Australian actor and director (born 1979)

Danny Raco (born 24 December 1979) is an Italian Australian actor and director, known for his television work on Home and Away and Blue Heelers..

Raco was born in Rome, Italy.

==Career==
He got his start playing Marco Vialli on the teenage soap opera Heartbreak High from 1998 to 1999. In 2001, he joined the cast of a primetime soap opera, Home and Away, playing Alex Poulos.

In 2004, Raco chose to leave Home and Away to pursue the role of Constable Joss Peroni on Blue Heelers.

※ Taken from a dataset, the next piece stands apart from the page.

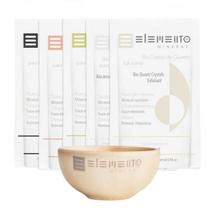 Kit Purificante Bio Argilas Elemento Mineral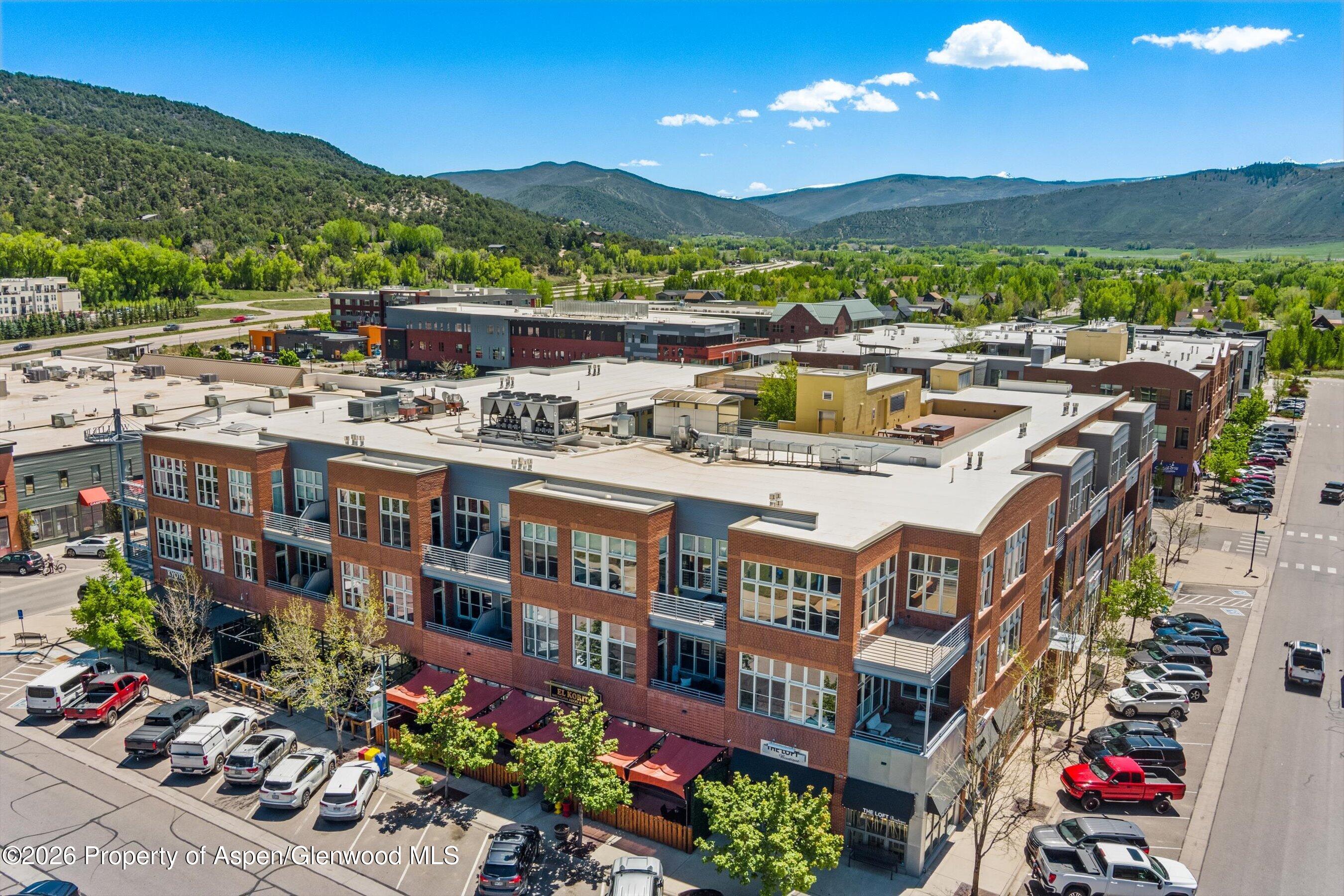 231 Robinson Street Basalt CO 81621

He remained with the show until its end in 2006. He returned to Home and Away in June 2007, and is now a director on the series.

== Filmography ==

Acting
| Year | Title | Role | Notes |
| 1999 | All Saints | Goose Goozens | Season 2, episode 32 |
| 1999 | Heartbreak High | Marco Vialli | Season 7 (22 episodes) |
| 2001–04, 2007 | Home and Away | Alex Poulos | Seasons 14–17 (main cast), Season 20 (recurring) |
| 2003 | Home and Away: Hearts Divided | Direct-to-video special |
| 2004–07 | Blue Heelers | Joss Peroni | Seasons 11–13 (main cast, 68 episodes) |
| 2007 | Almost | Trip Wolf | Feature film |
| 2008 | Crooked Business | Eddie | Feature film |

Directing
| Year | Title | Notes |
|---|---|---|
| 2007–present | Home and Away | Season 20–present (600+ episodes) |
| 2017–19 | Drop Dead Weird | Seasons 1–2 (30 episodes) |

==Personal life==
While on Home and Away, he dated co-stars Tammin Sursok and Ada Nicodemou, who played his sister Leah.